Would you transcribe the entries below, beginning at the line with "Athletic Fit Stretch Suit - Solid Hunter Green Athletic" and ending after the line with "Thomas Chippendale - Original", exactly, with no picture and nothing more?
====== EXERCISE INPUT
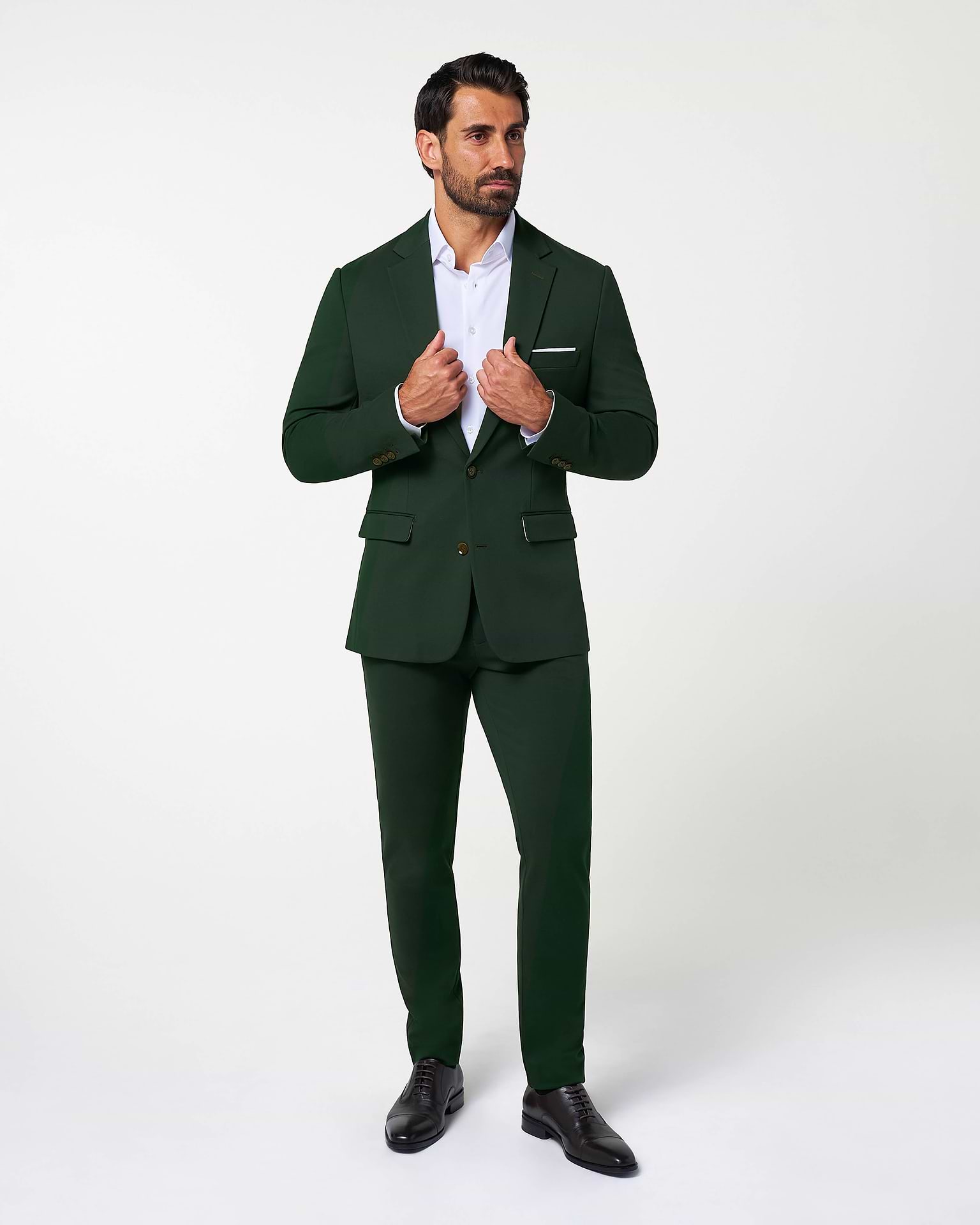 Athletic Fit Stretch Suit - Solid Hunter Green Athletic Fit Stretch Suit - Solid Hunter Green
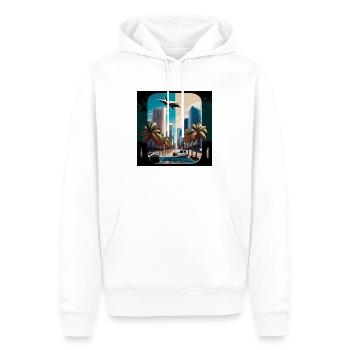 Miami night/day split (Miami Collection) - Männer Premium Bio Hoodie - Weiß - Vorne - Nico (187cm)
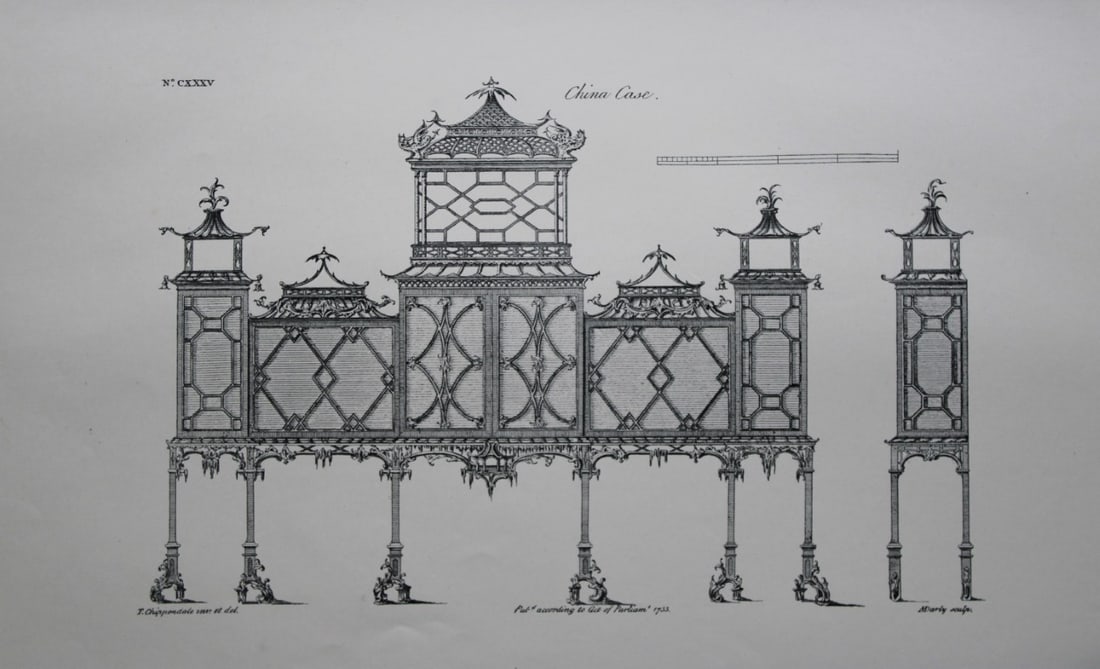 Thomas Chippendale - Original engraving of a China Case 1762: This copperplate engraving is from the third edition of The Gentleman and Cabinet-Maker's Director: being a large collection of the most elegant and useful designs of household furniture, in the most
============
====== EXERCISE INPUT
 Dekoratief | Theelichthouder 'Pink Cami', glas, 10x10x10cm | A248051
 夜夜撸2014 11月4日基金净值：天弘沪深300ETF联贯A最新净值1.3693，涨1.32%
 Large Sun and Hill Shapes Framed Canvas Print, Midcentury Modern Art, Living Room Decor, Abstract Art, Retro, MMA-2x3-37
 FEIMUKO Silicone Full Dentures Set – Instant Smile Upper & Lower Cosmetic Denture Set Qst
============
▶ YOUR RESPONSE:
 Athletic Fit Stretch Suit - Solid Hunter Green Athletic Fit Stretch Suit - Solid Hunter Green
 Miami night/day split (Miami Collection) - Männer Premium Bio Hoodie - Weiß - Vorne - Nico (187cm)
 Thomas Chippendale - Original engraving of a China Case 1762: This copperplate engraving is from the third edition of The Gentleman and Cabinet-Maker's Director: being a large collection of the most elegant and useful designs of household furniture, in the most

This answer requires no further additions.